Afghan women face rise in violence

Afghanistan's independent human rights commission says violence against women has increased over the past year.

The commission says it has recorded 265 cases of forced marriage and 165 cases of self-immolation, where women deliberately set fire to themselves.

In both cases the numbers are higher than those recorded previously.

The new Afghan constitution drawn up after the fall of the Taleban in 2001 is supposed to protect women but millions still face discrimination.

The rights commission says that even as many people in the country are faced with a worsening security situation, women are having to deal with increased cases of domestic violence.

It says that many continue to be forced into marriages against their will.

Last year it recorded 265 such cases, an increase from the previous year.

The commission says that more than half of the women in question are married under the legal age of 18-years-old.
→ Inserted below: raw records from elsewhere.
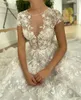 Casual jurken Vestido de noiva v nek mouwloze bruiloft 2023 voor vrouwen open rug baljurk kanten organza bruids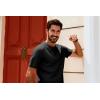 imagePJ PAUL JONES Mens Polo Shirts Short Sleeve Textured Knit Polo Shirt Ribbed Casual Golf ShirtsBlackhollow Out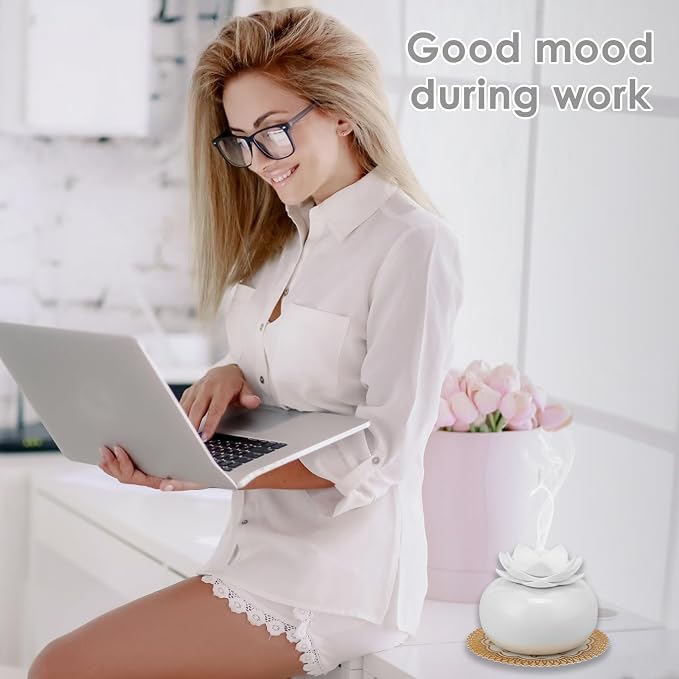 6.8 oz Water Lily Top Aromatherapy Diffusers, Decorative Essential Oil Diffusers, USB Ceramic Diffuser Humidifier, Cute Lotus Decorative Auto Shut Off, for Home Bedroom Office(White,1PCS)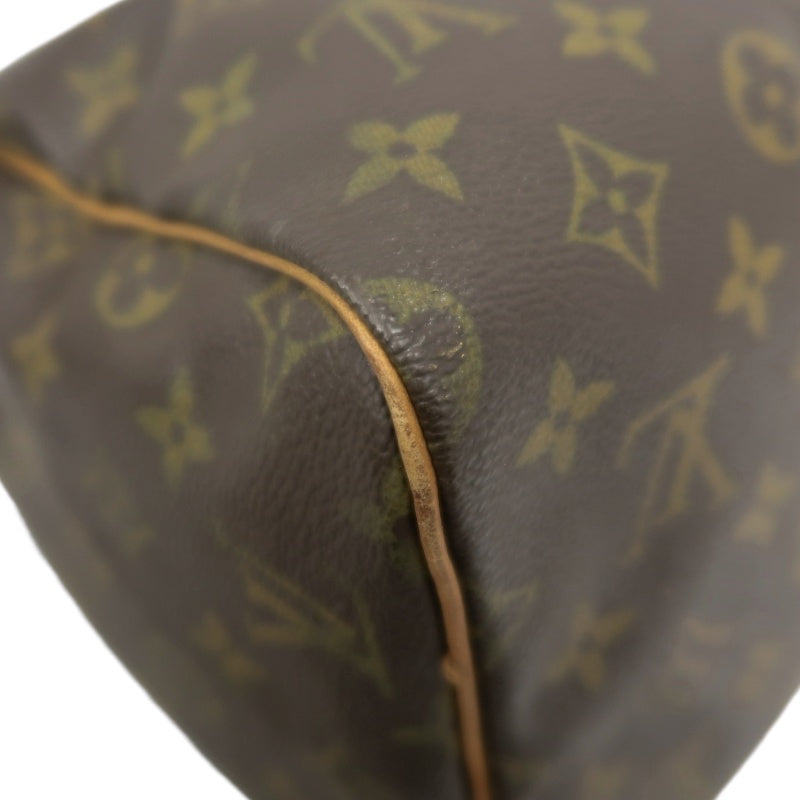 LOUIS VUITTON Monogram Speedy 30 Boston Handbag Brown Classic Canvas Tan Patina Leather Trim Original Padlock and 2 Keys Included Spacious Timeless Iconic Vintage Travel Everyday Bag
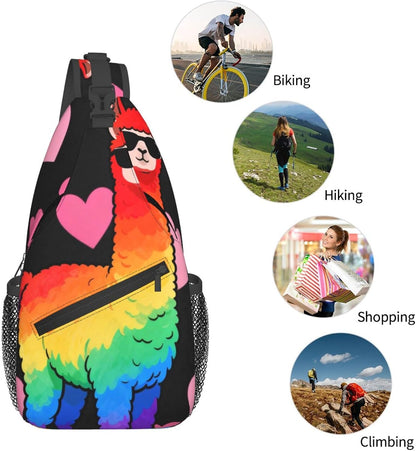 Sling Backpack for Women Men Multipurpose Anti-Theft Gym Bags Sack Daypack Outdoor Backpack Carry On Bag, Lgbt Heart Beat Pride Single Shoulder Messenger Bag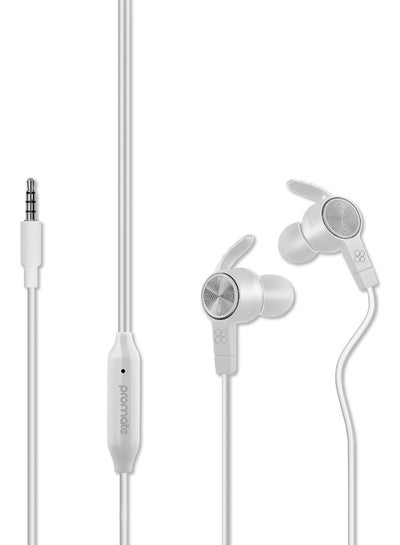 Buy Earphones, High-Quality Stereo Sports Earbuds In-Ear Magnetic Headphones with Built-In Microphone, Noise Cancelling and Tangle Free Wires for Workout, Running, Smartphones, Tablet, Nirvana Wite White in Saudi Arabia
Experts say poverty often drives families to marry off their daughters to older, wealthier men.

In some instances, women are handed over to resolve a community dispute.
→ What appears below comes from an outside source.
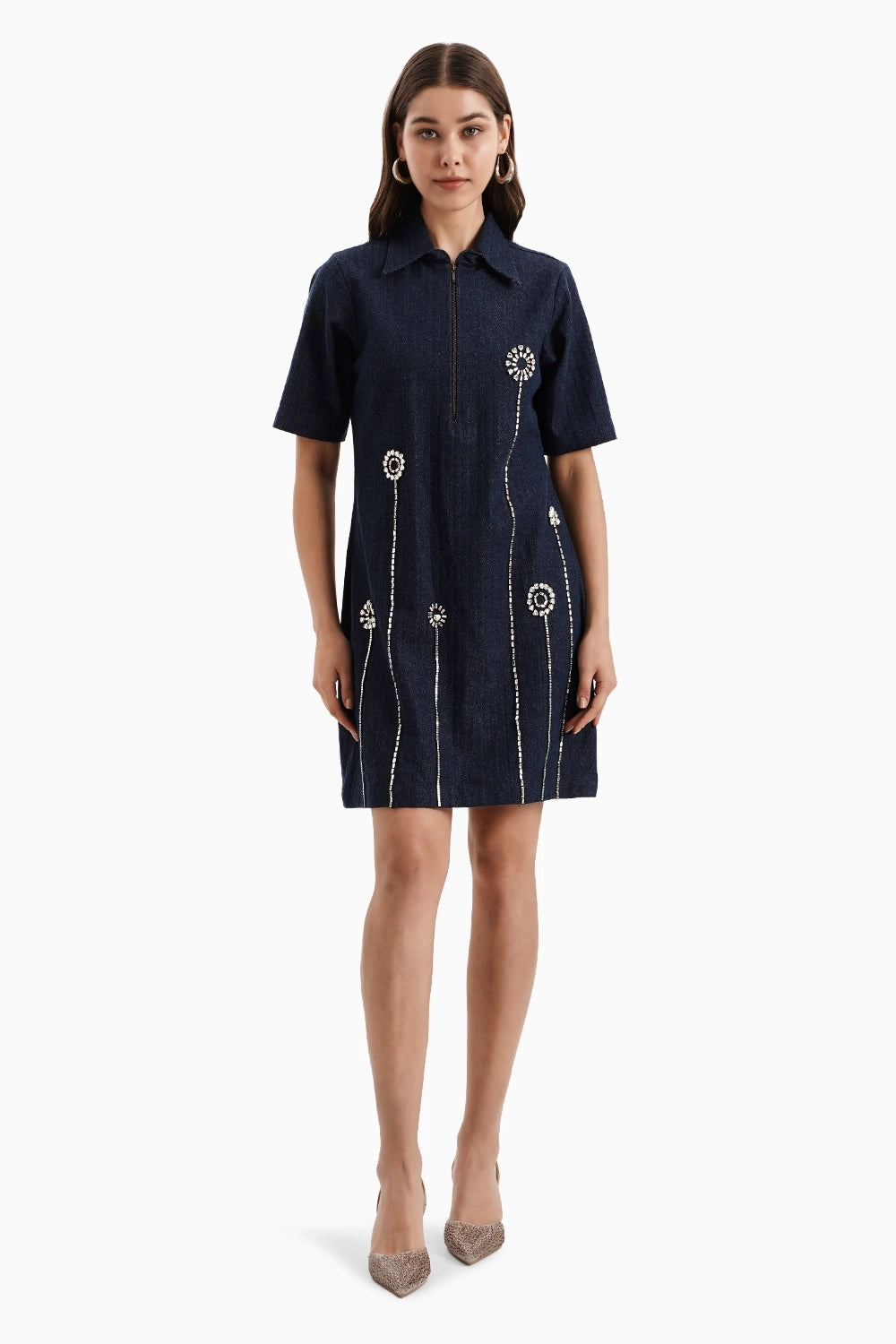 Dark Herringbone Denim Flower Dress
To escape this situation many women commit suicide by burning themselves.

The commissioners recorded 165 cases of self-immolation in 2007.

Although these are nationwide figures, it says the actual numbers could be higher.

A new law against domestic violence and forced marriage has been drafted and is to be debated in parliament.

But previous steps such as laws to fight discrimination and under-age marriage have done little to stop the trend, especially in the villages.